Spoiler Alert: These essays are ideally to be read after viewing the respective films.

Tuesday, December 4, 2018

Rosemary’s Baby

The film narrative centers on Satan impregnating Rosemary, a married woman in New York City. According to Roman Polanski, the film’s director, the decisive point is actually that neither Rosemary in the film nor the film’s viewers can know whether it was the devil who impregnated her. Beyond the more matter of being able to distinguish a psychosis from a more “objective” or external religious event, the importance of the supernatural to religion is also, albeit subtly, in play, according to Polanski.

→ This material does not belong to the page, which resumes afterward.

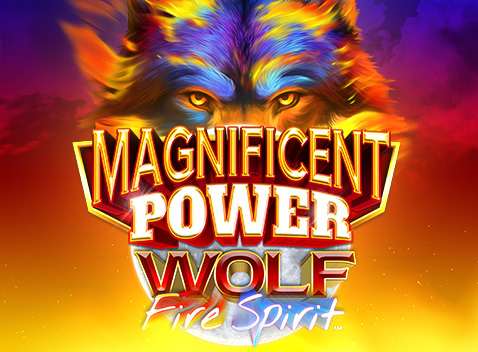 Magnificent Power Wolf Fire Spirit - Video Slot (Games Global)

“Nothing supernatural is in the film,” Polanski says in an interview that comes with the DVD, so the intrusion of religion into Rosemary’s pregnancy could all be in Rosemary’s head. Given the paranoia “over the safety of her unborn child [that] begins to control her life,” Rosemary may unjustifiably fear that the Satanic couple in the next apartment hosts a coven that plans on sacrifice her baby; Rosemary may hallucinate the devil’s face during the sex scene and the devil’s likeness in her baby after his birth. As for the first hallucination, however, Rosemary does not eat much of the drugged chocolate dessert furnished by Minnie Castevet from next door. Whereas the sequence through the boat scene looks hallucinatory, the fact that Roman Castevet’s painting red lines on Rosemary’s naked chest and abs as she lies on a bed is in the same scene as the sex, which crucially includes a camera shot of part of the devil’s body—a shot not from Rosemary’s point of view—followed by a very brief shot of the devil’s face from Rosemary’s point of view, the supernatural presence of the devil is indeed in the film. A dream or hallucinatory sequence in life as in a film does not maintain a “scene” for long, yet the one of the painting and intercourse is sustained long enough not to be dreamlike. So I cannot agree with Polanski’s claim that nothing supernatural is in the film. He later admitted to being an agnostic, yet he did not keep to his personal beliefs in the making of the film—which is a good thing.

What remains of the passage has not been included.